Remember the question at the beginning of the article, since there is no "plain text" file, so why does your text editor and browser display the content correctly every time? The answer is that the software deceives you, which is why so many people know nothing about coding. When the software is not sure of the code, it guesses. Most of the time, it guesses whether it's UTF-8, or iso-8859-1, that covers the ASCII code, and it's possible to guess any other character set that can be thought of. Because the Latin alphabet used in English can be displayed in almost all character sets, including UTF-8, so even if the encoding is wrong, the English alphabet looks right.

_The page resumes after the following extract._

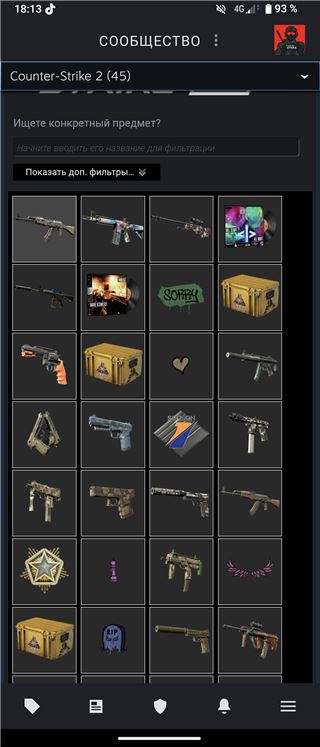 купить аккаунт CS GO & CS2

However, if you see the symbols while browsing the web, this means that the code for this page is not the one that your browser guesses. You can then click on the browser's view--> character code menu to try different encodings.
Summarize
If you don't have time to read the whole article or you just skim through the previous content. Then please make sure you understand the following:
There's never a plain text in this world, and if you want to read out a string, you have to know it's encoded.

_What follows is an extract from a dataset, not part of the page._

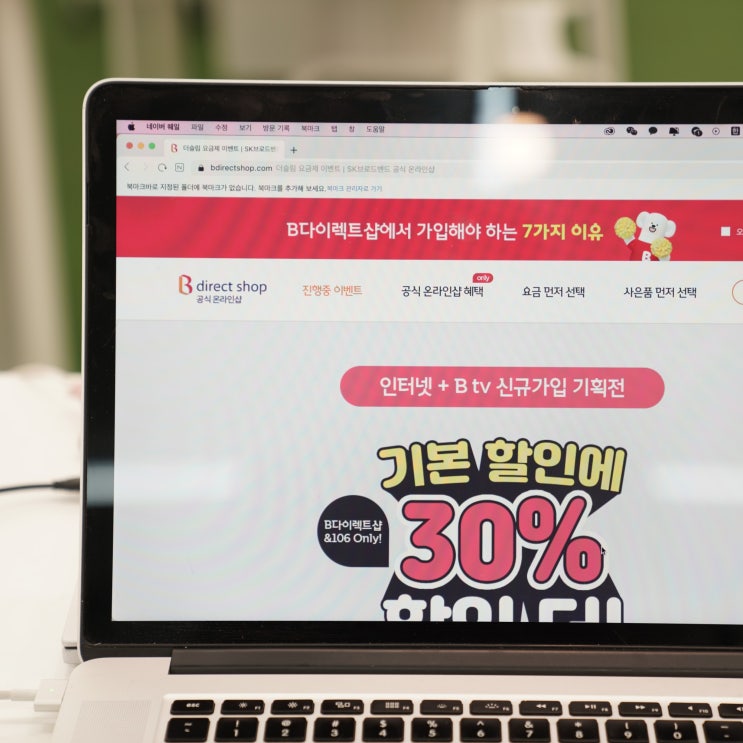  저렴한 인터넷 요금 SK브로드밴드 인터넷가입 방법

Unicode is a simple standard used to map characters to numbers. The Unicode association will help you deal with all the behind-the-scenes problems, including specifying the encoding for the new characters.
Unicode does not tell you how characters are encoded into bytes. This is determined by the encoding scheme, specified by UTF.
And the most important:
Always remember to explicitly specify the encoding of your document by Content-type or meta charset tags. This way the browser does not need to guess the code you are using, and they will accurately render the document using the code you specify.